So Begins the Narco Refugees

Via security analyst Sylvia Longmire’s excellent blog Mexico’s Drug War: Border Violence Analysis comes one of the most unsettling news stories of 2010:
The Monitor. 9 November 2010. 

CIUDAD MIER, Tamps. — Hundreds of families have fled this Pueblo Magico amid reported death threats from drug cartel thugs.

About 300 people are seeking shelter in nearby Miguel Alemán, the nearest city to this town across the border from western Starr County.

Sources said after Cárdenas’ slaying Friday, members of Los Zetas, the drug cartel controlling Mier, were yelling in the streets that they were going to kill  everybody who remained in the town, sparking the exodus from town.

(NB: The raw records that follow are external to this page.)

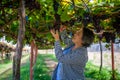 Elderly woman vineyard cutting grapes in the vineyard Royalty Free Stock Photo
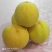 黄金蜜一号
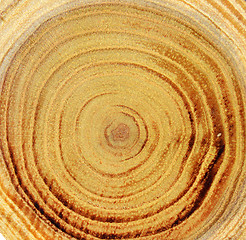 Image showing Wood slice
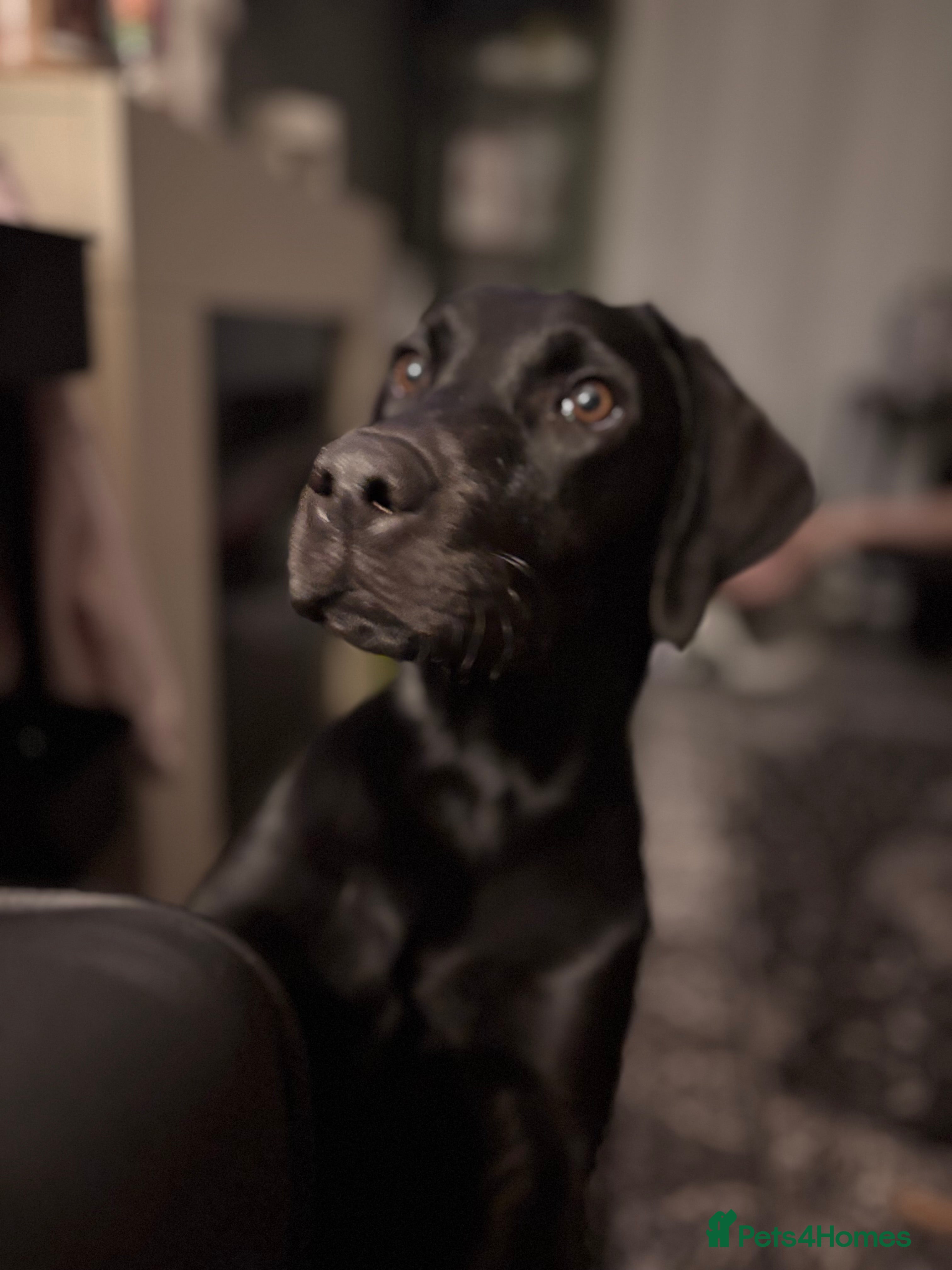 Labrador Retriever dogs Labrador 11 month old  - Advert 2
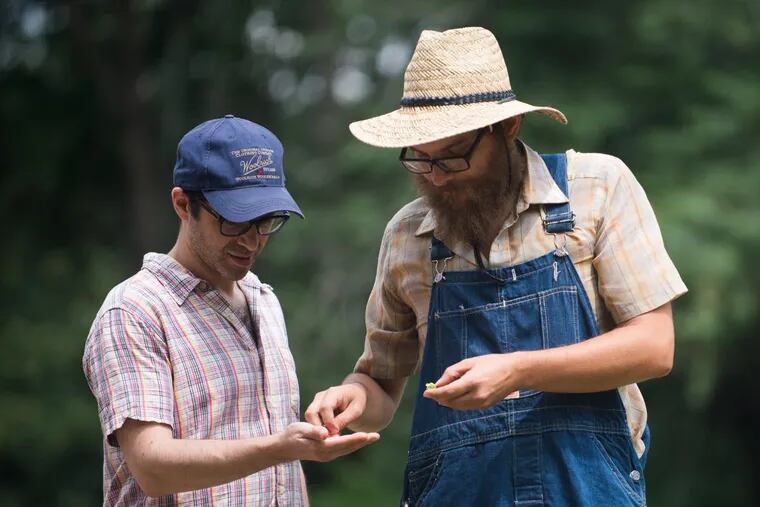 ‘Farmer Nate’ Kleinman shows William Levin (left) seeds at one of the fields of the Alliance Colony ‘reboot’ in , Pittsgrove, NJ.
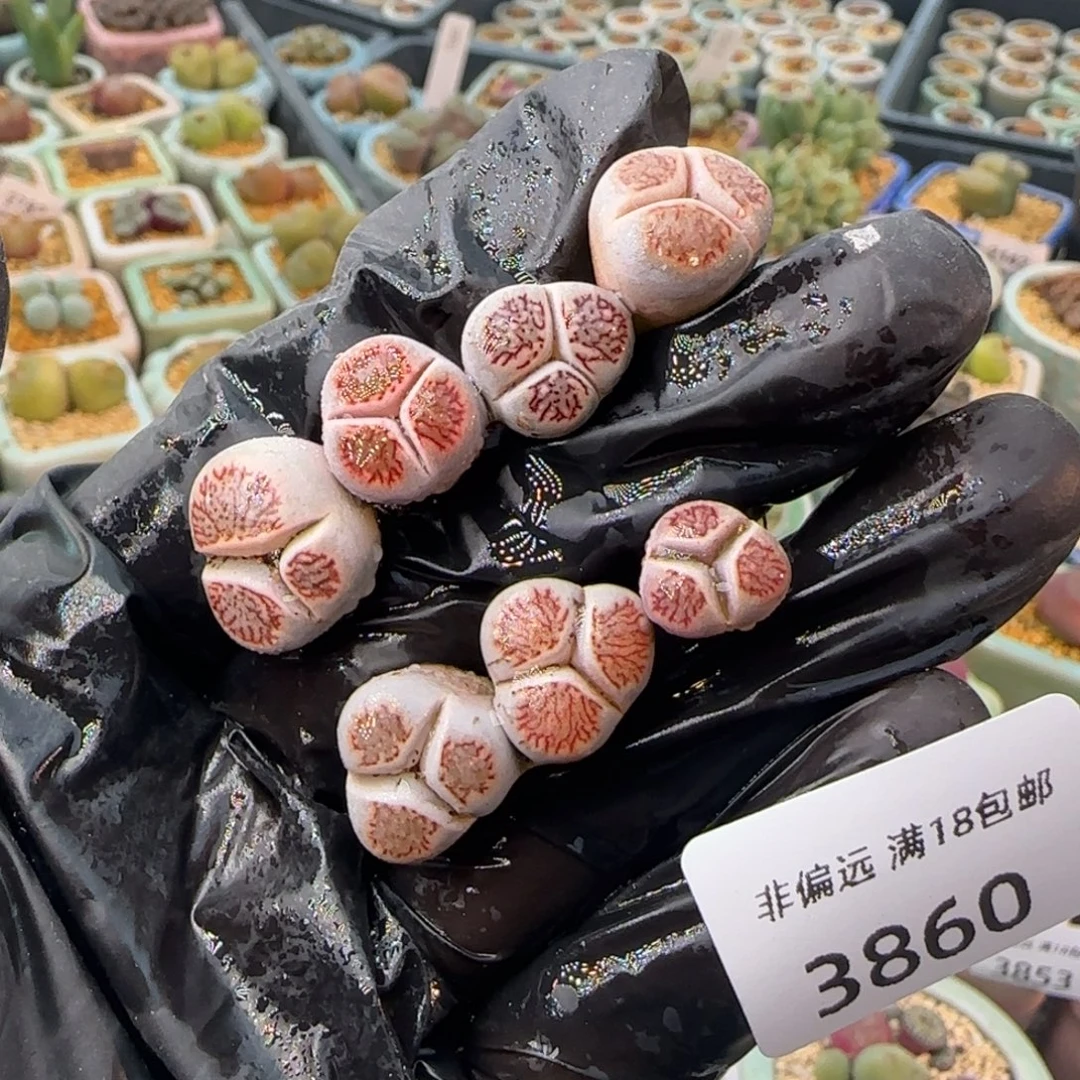 3860-一物一拍 hhhh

“Initially it was 30 people, but then went up to 60, 100 and now we have 300 that came here,” Miguel Alemán Mayor Servando Lopez Moreno said in Spanish.


“There is not a house that doesn’t have broken windows,” said a native of Ciudad Mier living in Reynosa.

“The authorities do not go there. There are no soldiers there. There is nobody,” the former Mier resident said. “The mayor is not there anymore, there is no police, no traffic authority — nobody. It’s a ghost town. All the businesses are closed. If you want an aspirin, you have to travel to Miguel Alemán, and by bus, because if you drive they take away your car.”

“They have strangulated my town.”

Earlier this year I highlighted the story of Ascencion, the border town whose citizens, unwilling to be terrorized by cartels while waiting for government protection, took matters into their own hands by forming a mob to kill suspected cartel members. I suggested that if Mexico’s narco-insurgency continues unabated the story of Ascencion would be repeated in many an isolated and terrorized town across the U.S.-Mexican border. 
I am now far less willing to stand by this prediction. It is not Ascencion that will be the model, but Ciudad Mier.  
Mexican arms restrictions are much more strict than those in the United States. These restrictions have done little to stem the flow of guns into the hands of Mexico’s narco-cartels, but they do ensure that Mexican communities will be outgunned in the event of a direct conflict with the cartels. In such an event it makes little sense to fight; better to run and live another day.  

To my knowledge the evacuation of Ciudad Mier is the first case of mass migration prompted by cartel strong-arming. I will be surprised if it is the last. While media coverage of these events is near non-existent, they should be a matter of grave concern for every citizen of the Republic. The day border communities cannot support the number of refugees created by the cartels’ insurgency is the day narco refugees begin streaming north of the border.